No início de 2020 uma nova oportunidade surgiu e Anna arrumou o primeiro emprego. Ela começou a trabalhar no período da manhã em uma farmácia em Jardim Camburi, onde organiza as prateleiras, atende clientes e realiza outras tarefas. "Fiquei muito ansiosa, mas minha mãe e meu pai me incentivaram", revela. Com o dinheiro do trabalho, chegou a comprar uma televisão e um notebook. 

Segundo a mãe, foi possível notar uma melhora imediata no comportamento da filha após os primeiros dias no serviço. "Eu percebi uma diferença enorme nesse tempo. Ela ficou mais madura, responsável. Acordava de manhã, colocava o uniforme, o sapato, fazia o coque no cabelo", enfatiza. 

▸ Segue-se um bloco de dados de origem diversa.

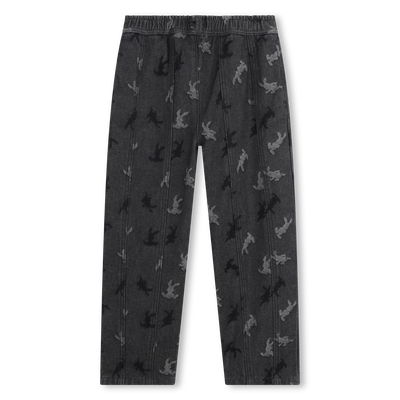 Pantaloni in denim KENZO KIDS UNISEX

Com a pandemia do novo coronavírus, contudo, Anna acabou se afastando do emprego por precaução, mas, quando tudo isso passar, espera retornar aos dias de labuta na farmácia. Também pretende aperfeiçoar o aprendizado nas áreas de matemática e de informática. Bernadete acredita que futuramente a filha pode conseguir bons empregos mesmo sem fazer um curso superior. 

Data

Em 21 de março é celebrado o Dia Internacional de Síndrome de Down. A data está no calendário oficial da Organização das Nações Unidas (ONU) desde 2006, tendo sido idealizada pelo geneticista da Universidade de Genebra Styliano Antonarakis. A ideia é chamar a atenção da sociedade para a necessidade de inclusão das pessoas com Down. 

O dia 21/03 foi escolhido como uma referência à chamada trissomia do cromossomo 21 (T21), como é conhecida a Síndrome de Down, que não é uma doença, mas uma condição genética determinada pela presença de três cromossomos no par 21. No total temos 23 pares, totalizando 46 cromossomos. Dessa forma, as pessoas com Down possuem 47. As causas para a variação ainda são desconhecidas.